My quiet times for the past few weeks have been from a book titled, When Women Say Yes To God. It is teaching me to abandon myself, my desires, and to live a life pleasing to God. When we commit to follow Him, who knows what we can do! God has bigger plans for us than we could ever imagine and we are to be open to being used, in any way necessary, on this great adventure of life. Yes, it's scary to live a life completely trusting in someone you can't even see. But when you do, it is so rewarding.
A just returned from a missions trip to Guatemala 2 weeks ago. Talk about a life changing experience. My heart now has a place in it that I never even knew I had. I have such a deep love and passion for some children now that I didn't expect to return with. It was heartbreaking to leave them. I literally cried the entire way home. I wanted to stay in Guatemala so desperately. Those children were more of a blessing to me than I could ever be to them. They taught me some of the most important life lessons that I could have ever learned. I prayed before I left that God would teach me through the trip to love in a way I never knew how to before. He certainly answers prayers! I am still enamored by the way my outlook on life drastically changed over a week.
I know this is long but pleaseeee hear me out. I think it's an awesome testimony of God's faithfulness!
I felt the calling into missions when I was 20, but I ignored it because I was too busy living my own life. Besides, I always thought "I have never been on a missions trip, so how could I be called into that?" I actually had planned to go to Africa this summer. There was a trip w/Steele Creek but it fell through and I signed up for Guatemala. I was excited, but a little disheartened that Africa didn't work out. When I got there, I was completely overwhelmed. There stood over 500 children wanting and needing love and attention. I had to pray at that moment that God take over and show Himself through me, and help me to abandon my flesh to love these kids the way He knew they needed to be loved.
On Thursday we went to Antigua, the capital of Guatemala. After shopping all day we went to this really nice restaurant with a roof top view. I went up there with one of my team members and was looking at the mountains, the city and the volcanoes that surrounded us. I felt the overwhelming presence of God and His voice speaking to me. I began to get tears in my eyes because I knew once again, He was calling me. My team member looks at me and says. "Maybe you belong here in Guatemala. I have never seen kids interact with someone the way they do w/you" (and he is a teacher!) We went back to our table and the people at the table next to us were full time missionaries. I didn't speak to them, just listened as everyone else did, because I was still trying to swallow back my tears. The lady says "When God calls you, you must go". I went back that night to my dorm praying that God would help me be able to decipher the different between my own will and His own. If it was up to me, I would leave tomorrow to live there!
The next day I was doing my quiet time as I waited on the boys to get out of school. My quiet time was about how to know if what you hear is God's voice. Wow. I read about half of the devotion and then the boys began to get out of school and wanted to play. I closed the book. The next day when we left and got on the plane I decided to finish that devotion. I opened my book, flipping through it to find where I had left off. The VERY FIRST sentence I read was, "God is very clear in Scripture that as Christians we are to take care of widows and orphans." I was already crying bc I didn't want to leave, but this sent me over the edge. I was weeping. I know everyone on the plane thought I was a nut case.

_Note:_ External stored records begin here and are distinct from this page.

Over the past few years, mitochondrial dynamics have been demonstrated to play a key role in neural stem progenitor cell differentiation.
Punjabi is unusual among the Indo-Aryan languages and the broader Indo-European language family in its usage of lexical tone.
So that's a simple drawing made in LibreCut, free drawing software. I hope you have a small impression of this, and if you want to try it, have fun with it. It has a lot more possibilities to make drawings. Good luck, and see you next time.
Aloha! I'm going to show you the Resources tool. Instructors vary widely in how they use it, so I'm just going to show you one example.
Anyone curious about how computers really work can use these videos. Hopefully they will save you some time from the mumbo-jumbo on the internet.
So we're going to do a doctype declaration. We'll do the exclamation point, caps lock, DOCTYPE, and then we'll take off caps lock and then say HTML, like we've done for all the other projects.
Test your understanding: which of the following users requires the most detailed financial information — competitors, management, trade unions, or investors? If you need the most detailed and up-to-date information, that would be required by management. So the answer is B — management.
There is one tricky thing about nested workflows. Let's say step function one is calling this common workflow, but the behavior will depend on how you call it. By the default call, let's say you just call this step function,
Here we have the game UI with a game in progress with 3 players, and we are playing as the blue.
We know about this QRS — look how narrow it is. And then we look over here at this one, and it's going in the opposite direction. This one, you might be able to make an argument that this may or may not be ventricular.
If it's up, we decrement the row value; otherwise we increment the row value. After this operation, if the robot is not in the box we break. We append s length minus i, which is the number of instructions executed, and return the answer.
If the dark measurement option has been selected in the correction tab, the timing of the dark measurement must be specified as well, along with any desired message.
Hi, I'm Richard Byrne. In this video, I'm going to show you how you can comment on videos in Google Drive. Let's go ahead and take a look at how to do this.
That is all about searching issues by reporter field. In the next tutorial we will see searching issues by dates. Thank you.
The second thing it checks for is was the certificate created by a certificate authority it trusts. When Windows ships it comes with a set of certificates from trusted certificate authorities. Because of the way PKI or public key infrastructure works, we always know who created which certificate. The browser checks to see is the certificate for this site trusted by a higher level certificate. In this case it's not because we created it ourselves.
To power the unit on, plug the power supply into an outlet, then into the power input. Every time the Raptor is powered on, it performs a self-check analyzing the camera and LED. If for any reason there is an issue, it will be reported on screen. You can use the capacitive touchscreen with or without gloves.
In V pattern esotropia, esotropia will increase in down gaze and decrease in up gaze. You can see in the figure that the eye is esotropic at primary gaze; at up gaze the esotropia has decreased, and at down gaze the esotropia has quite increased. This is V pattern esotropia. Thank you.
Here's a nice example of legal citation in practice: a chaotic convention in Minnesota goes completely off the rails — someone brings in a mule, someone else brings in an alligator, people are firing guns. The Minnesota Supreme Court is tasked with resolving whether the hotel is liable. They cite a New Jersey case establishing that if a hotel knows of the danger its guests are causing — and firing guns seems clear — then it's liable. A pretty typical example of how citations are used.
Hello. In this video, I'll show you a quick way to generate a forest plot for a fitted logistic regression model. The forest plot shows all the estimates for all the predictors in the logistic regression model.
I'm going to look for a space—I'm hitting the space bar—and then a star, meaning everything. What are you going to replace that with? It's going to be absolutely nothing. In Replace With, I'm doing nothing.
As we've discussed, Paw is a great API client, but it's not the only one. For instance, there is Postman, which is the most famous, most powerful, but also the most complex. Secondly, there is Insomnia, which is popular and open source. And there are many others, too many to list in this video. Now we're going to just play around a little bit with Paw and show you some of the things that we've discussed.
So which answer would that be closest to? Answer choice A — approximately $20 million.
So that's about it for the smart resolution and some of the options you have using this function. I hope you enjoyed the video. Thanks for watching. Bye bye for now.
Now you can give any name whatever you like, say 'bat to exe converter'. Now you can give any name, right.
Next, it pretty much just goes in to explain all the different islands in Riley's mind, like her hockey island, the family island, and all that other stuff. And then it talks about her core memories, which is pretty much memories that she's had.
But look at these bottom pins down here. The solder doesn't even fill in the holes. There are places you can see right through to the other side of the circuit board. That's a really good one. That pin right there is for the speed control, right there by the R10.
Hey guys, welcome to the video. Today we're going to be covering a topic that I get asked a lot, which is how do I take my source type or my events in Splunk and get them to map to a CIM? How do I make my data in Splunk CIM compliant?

I know I have only been home a few weeks, and many people come home from a mission trip on a "high" but I feel in my heart that I am to move to Guatemala. I am going to continue to pray for the Lord's will to become apparent to me. I am planning another trip for Dec-Jan, this time for 2 weeks. After that they like you to come for a few months to decide if this is truly what you want to do before you commit for 3-5 years. I am switching from Nursing to Education next semester. I hope to become trained to teach ESL classes. Please pray for me as the next few months go by, that I will follow the path that the Lord wants for me! I have been living for myself for so long that I am afraid I am not going to be able to know the difference.